The Bruins will draft some new youngsters Friday night and Saturday in Columbus, Ohio. They have the eighth pick and Chiarelli said they’re unlikely to trade for a higher one although he would consider dealing it for a lower pick if he can get a player who can help the team right away.
Julien, 47, was fired with three games left in his first regular season as coach of the Devils despite having them in first place in the Atlantic Division. General manager Lou Lamoriello, who took over, said he didn’t think Julien had the team ready to challenge for the Stanley Cup.
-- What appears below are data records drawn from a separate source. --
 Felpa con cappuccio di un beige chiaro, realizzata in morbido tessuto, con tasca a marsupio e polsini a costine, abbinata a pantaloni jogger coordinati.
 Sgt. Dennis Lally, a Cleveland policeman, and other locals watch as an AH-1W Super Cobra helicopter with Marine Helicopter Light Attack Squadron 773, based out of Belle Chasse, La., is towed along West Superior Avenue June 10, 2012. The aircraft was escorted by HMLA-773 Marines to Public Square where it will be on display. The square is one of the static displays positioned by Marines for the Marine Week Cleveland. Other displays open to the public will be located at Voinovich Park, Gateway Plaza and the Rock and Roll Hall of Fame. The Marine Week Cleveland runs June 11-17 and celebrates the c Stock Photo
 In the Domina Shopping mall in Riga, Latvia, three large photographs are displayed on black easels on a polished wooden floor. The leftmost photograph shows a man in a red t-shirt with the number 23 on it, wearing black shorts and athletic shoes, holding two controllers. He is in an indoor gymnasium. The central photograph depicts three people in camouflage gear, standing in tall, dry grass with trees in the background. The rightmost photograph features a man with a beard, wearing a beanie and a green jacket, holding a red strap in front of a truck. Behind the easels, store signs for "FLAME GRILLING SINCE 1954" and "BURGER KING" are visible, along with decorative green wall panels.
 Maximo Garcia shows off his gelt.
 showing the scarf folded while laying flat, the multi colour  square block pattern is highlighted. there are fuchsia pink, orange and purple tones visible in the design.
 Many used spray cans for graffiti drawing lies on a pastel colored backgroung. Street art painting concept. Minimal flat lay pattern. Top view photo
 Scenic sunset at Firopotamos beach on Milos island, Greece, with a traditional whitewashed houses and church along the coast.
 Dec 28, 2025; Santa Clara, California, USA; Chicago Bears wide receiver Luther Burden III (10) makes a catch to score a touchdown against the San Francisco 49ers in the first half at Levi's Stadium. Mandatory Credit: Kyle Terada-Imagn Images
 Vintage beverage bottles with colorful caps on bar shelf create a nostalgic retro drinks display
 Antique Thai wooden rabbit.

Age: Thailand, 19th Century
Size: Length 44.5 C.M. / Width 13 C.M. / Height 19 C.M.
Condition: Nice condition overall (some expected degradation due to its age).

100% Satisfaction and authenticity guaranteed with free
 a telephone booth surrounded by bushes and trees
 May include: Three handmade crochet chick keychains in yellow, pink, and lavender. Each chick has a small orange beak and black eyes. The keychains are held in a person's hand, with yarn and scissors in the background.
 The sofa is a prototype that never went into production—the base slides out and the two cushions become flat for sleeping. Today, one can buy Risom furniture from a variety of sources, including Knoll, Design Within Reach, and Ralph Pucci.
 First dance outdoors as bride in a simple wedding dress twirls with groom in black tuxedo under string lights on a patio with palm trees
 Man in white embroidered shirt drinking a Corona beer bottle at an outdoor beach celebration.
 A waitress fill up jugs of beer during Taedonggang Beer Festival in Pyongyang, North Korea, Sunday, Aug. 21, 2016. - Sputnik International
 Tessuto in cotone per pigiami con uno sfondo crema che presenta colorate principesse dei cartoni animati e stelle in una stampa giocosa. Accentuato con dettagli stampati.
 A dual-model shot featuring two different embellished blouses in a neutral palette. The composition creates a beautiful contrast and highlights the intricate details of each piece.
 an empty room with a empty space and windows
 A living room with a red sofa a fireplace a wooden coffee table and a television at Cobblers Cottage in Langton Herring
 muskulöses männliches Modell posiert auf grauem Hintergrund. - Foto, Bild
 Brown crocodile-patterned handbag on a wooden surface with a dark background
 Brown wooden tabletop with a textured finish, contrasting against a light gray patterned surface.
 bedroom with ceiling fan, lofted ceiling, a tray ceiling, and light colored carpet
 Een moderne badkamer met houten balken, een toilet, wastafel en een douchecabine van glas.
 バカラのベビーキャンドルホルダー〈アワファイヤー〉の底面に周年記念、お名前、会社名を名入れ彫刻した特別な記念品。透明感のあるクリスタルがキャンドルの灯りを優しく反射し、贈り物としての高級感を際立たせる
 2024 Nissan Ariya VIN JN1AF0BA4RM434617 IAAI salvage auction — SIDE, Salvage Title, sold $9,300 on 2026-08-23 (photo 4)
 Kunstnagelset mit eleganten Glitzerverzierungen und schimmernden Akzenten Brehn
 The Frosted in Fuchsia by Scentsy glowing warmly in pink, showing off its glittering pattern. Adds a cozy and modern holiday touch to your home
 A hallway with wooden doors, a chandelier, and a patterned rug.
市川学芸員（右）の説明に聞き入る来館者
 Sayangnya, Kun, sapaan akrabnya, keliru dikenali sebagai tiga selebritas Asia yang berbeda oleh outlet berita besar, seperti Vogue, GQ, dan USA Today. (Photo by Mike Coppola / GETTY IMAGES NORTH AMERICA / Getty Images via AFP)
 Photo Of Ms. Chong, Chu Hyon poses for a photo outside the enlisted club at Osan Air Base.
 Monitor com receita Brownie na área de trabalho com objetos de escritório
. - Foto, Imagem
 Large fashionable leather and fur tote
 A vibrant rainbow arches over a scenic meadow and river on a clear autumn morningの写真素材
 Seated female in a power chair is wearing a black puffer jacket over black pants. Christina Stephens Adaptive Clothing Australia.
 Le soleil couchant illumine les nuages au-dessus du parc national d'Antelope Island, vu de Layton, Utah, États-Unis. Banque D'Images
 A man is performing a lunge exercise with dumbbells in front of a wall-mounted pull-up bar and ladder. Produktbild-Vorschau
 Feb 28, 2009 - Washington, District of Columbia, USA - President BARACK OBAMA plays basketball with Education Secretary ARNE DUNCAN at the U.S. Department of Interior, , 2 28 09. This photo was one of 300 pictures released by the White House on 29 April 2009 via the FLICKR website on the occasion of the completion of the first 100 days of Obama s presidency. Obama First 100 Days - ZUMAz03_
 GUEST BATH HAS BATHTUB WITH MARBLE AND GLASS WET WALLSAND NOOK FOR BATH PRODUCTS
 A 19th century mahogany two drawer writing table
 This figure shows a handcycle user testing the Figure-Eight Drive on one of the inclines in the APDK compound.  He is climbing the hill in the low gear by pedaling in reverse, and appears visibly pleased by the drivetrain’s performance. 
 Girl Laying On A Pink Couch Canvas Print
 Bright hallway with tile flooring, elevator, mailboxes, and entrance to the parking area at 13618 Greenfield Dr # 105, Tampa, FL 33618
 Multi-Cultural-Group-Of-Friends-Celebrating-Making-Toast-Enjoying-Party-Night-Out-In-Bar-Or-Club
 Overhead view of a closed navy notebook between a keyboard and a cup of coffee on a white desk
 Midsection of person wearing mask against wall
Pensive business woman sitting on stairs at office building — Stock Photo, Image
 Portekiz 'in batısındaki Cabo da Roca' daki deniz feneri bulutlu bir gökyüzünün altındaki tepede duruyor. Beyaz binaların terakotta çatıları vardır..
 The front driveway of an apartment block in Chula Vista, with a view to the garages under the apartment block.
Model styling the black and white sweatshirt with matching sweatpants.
The Devils lost in the second round.
“You always like to finish what you started,” Julien said. “The most important thing is that you don’t look back and you move forward.”
He also coached Montreal from January 2003 until being fired in January 2006. In the 2003-04 playoffs, the Canadiens beat the Bruins in seven games after falling behind 3-1.
“The next day was when I had the biggest job to do,” Julien recalled. “That was to convince the players that we were capable of coming back.”
He and Chiarelli, 42, first met about 20 years ago during summer workouts in Ottawa when Chiarelli played for Harvard and Julien was a defenceman with the Quebec Nordiques of the NHL.
“This is not about friendship, but it’s more about being on the same page and wanting to accomplish the same things,” Julien said.
Chiarelli didn’t even have time to socialize with his new coach at a party Thursday night to unveil the new Bruins uniform. He was headed for Columbus to try to draft some players who could help the Bruins. In his 13 months as general manager, Chiarelli has fired two coaches, hired two others and added many players.
Deciding on assistant coaches will have to wait until after the draft.
“I want to get through this weekend first,” Chiarelli said with a smile. “I’m trying to jam as much stuff as possible into one year.”